At BrandCulture, we're vehement believers that brand is about a lot more than rigidly adhering to corporate identity guidelines. We love when organizations recognize that stakeholders are loyal not to colors or letterforms, but to the connections those colors and shapes evoke. And we absolutely swoon when we see organizations take that knowledge to flex, adapt, and keep their identity fresh in the marketplace.
Some moves, however, just don't make a lot of sense. Take Tropicana.

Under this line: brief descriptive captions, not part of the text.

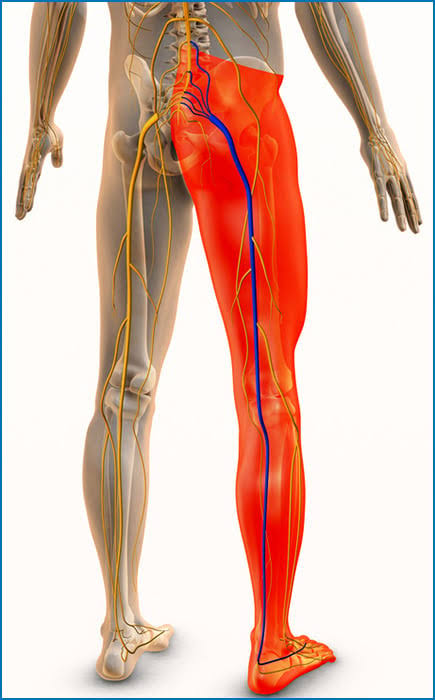 Last Stage Sciatica: Symptoms, Causes, Preventive Strategies & Effective Treatment Supplements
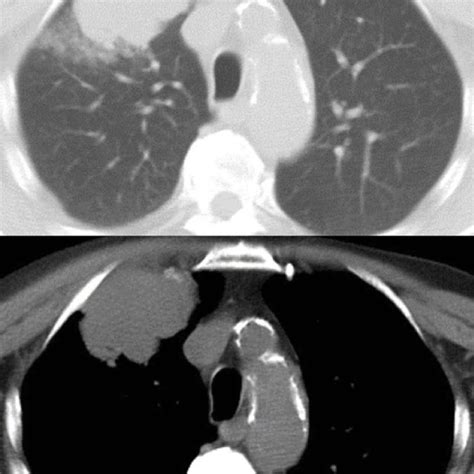 Sarcomatoid Carcinoma Appearing As A Large Nodular Lesion Of The Right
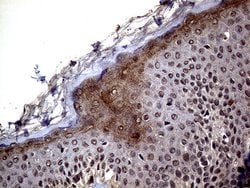 Invitrogen ERCC8 Monoclonal Antibody (OTI5C9) 100 &mu;L; Unconjugated:Antibodies,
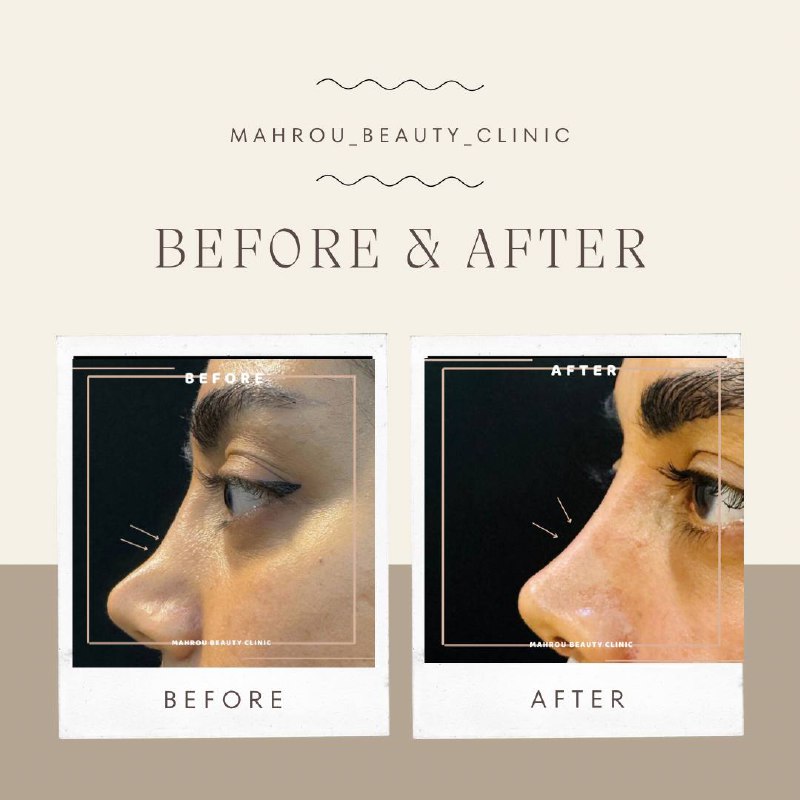 Mahrou_beauty_clinic 👄💉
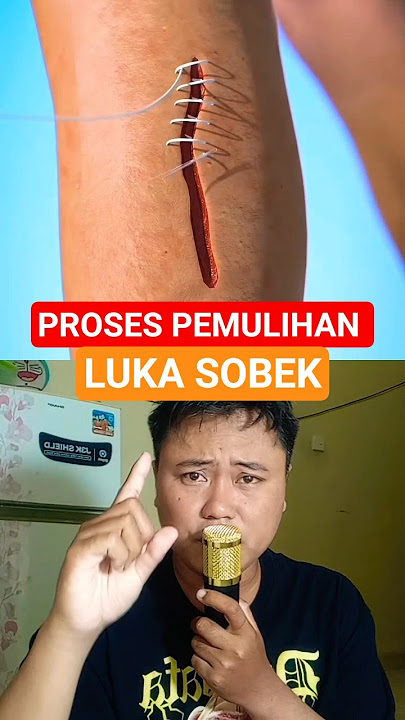 The process of healing a torn wound on the foot😱 #science #doctor #anatomy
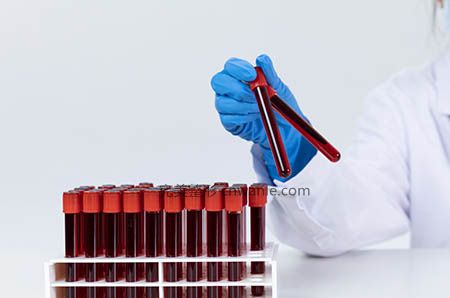  施爾美割雙眼皮跟開眼角可以同時做嗎？效果好不好？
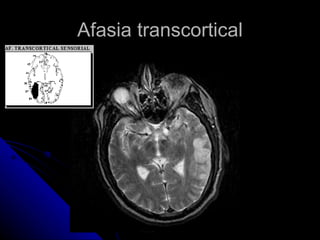Afasia transcortical 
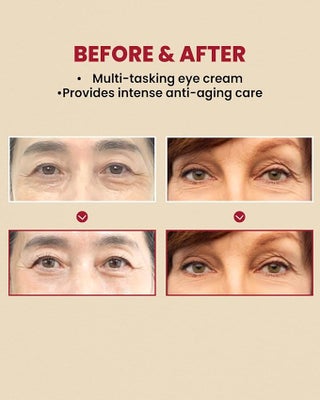 K-SECRET SEOUL 1988 Eye Cream : Retinal Liposome 4% + Fermented Bean - view 3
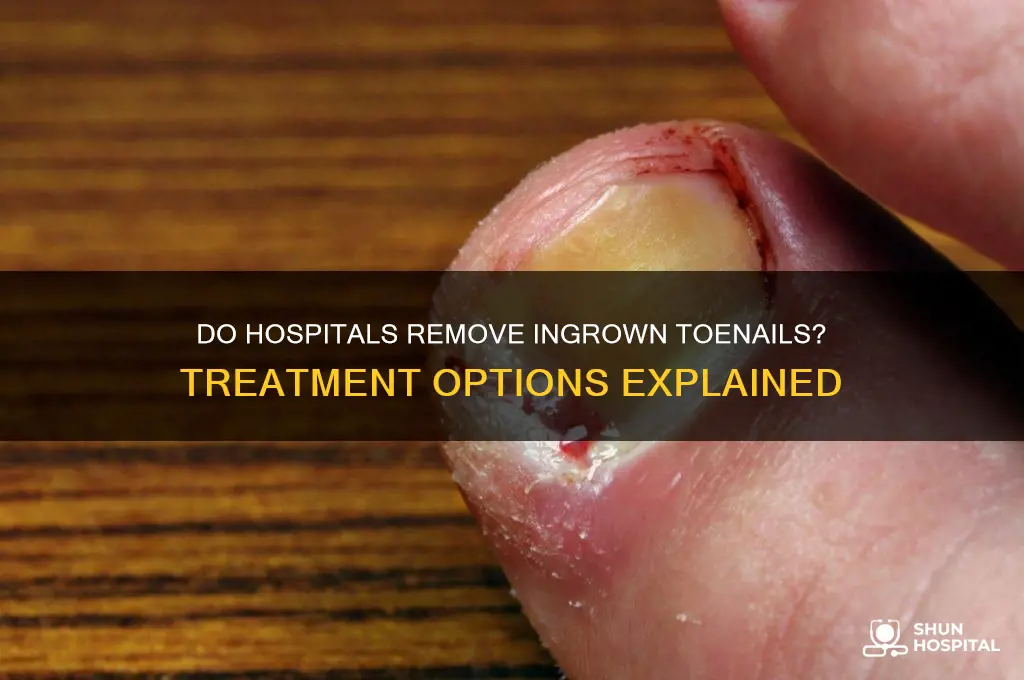 do hospitals remove ingrown toenails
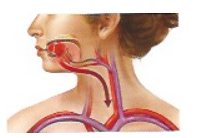 Problemática Oral Asociada al Piercing · Infecciones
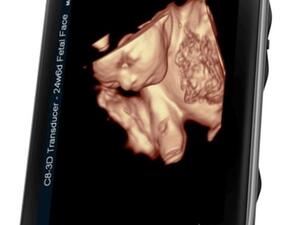 خدمة "موبايل بيبي"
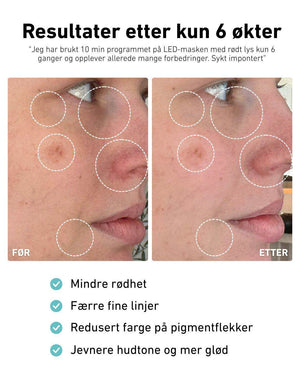 LED - lysmaske til ansikt mot akne, rynker og pigmentflekker - Lindas Dekor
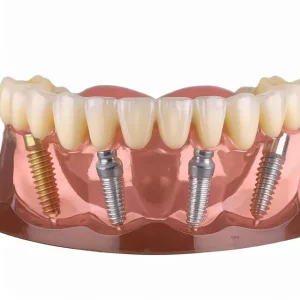 Why Dental Implants Are the Gold Standard for Replacing Missing Teeth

Not long after a wholesale redesign of their packaging and identity, PepsiCo (NYSE: PEP) responded to consumer complaints with an abrupt about face. (for the record, BrandCulture thought the packaging was a little 2005 for our tastes)
Or did they?
Check out this ad for Trop50, the company's new low-calorie juice.
Maybe PepsiCo segmented the complaints and saw that everyone hated the new packaging except health-conscious women between 34-54?
We can imagine the brand architecture arguments rationalizing the coexisting designs, but we just can't convince ourselves it's a smart move to have a homespun, almost hokey design and an abstract, minimal expression of the same brands on the same shelf.
And yes - they are expressions of the same brand, even if they are different products.
It's too much flex, not the right consistency, and the new design - well - it's just not fresh enough for us to swallow.